There is a reference of the apple of knowledge for Harrish; Desai compares it with the effect of the flat melon seed. That makes reference to Adam and Eva and it’s more connected to our religion and culture.
4) Explain what a swami is. Include images.
Swami is a Hindu term referring to an ascetic or yogi who has been initiated into the religious monastic order founded by Adi Sankara, or to a religious teacher. The word swami means master; it means striving for the mastery over one’s smaller self and habit patterns, so that the eternal Self within may come shining through. The act of becoming a swami is not so much an acting of becoming, of adding on, as it is an act of setting aside, of renunciation. A swami is a monk, one who has set aside all of the limited, worldly pursuits, so as to devote full time effort to the direct experience of the highest spiritual realization, and to the service of others along those lines. Renunciation is a matter of priorities about how one will spend his or her time, the twenty-four hours in a day, and the seven days in a week. Traditionally renunciation is the fourth of four stages of life, although one who feels the call might renounce and become a swami at any stage of life.
5) What could be the metaphoric reading of this story, especially to a western reader?

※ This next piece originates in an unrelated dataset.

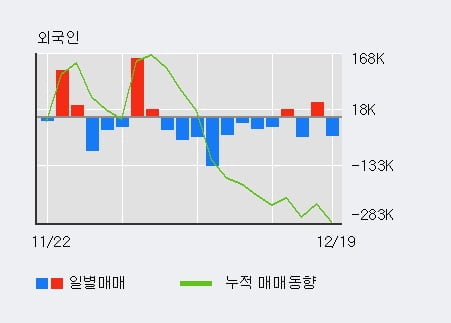 '세우글로벌' 5% 이상 상승, 기관 13일 연속 순매수(7.0만주)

The metaphoric interpretation of this story I think is that how someone can change by watching simple small things his life for leaving everything he ever knew for a non-superficial life. OR
How Harrish abandoned all his duties in the city to become a Swami and the way he left his family, job, etc. In a western country this would be much more different because, to start with, swamis aren’t much common here. Furthermore, the change would be much more different, may be a man willing to get away from materialism and consummerism would go to the countryside and leave the city, but from it to become a Swami there is a huge gap. OR
How what we do and we don’t affects others, and we can see this from the very beginning of the story: “It” in the first line refers to what did buying that melon triggered, and how did she regret it. There is a clear epiphany in this story; when Harish cuts the melon, he discovers the beauty of the surface textures, and since that moment he starts feeling practically everything. OR
To leave the chaotic, materialistic city for a peaceful and silent place where you can think, like the country side.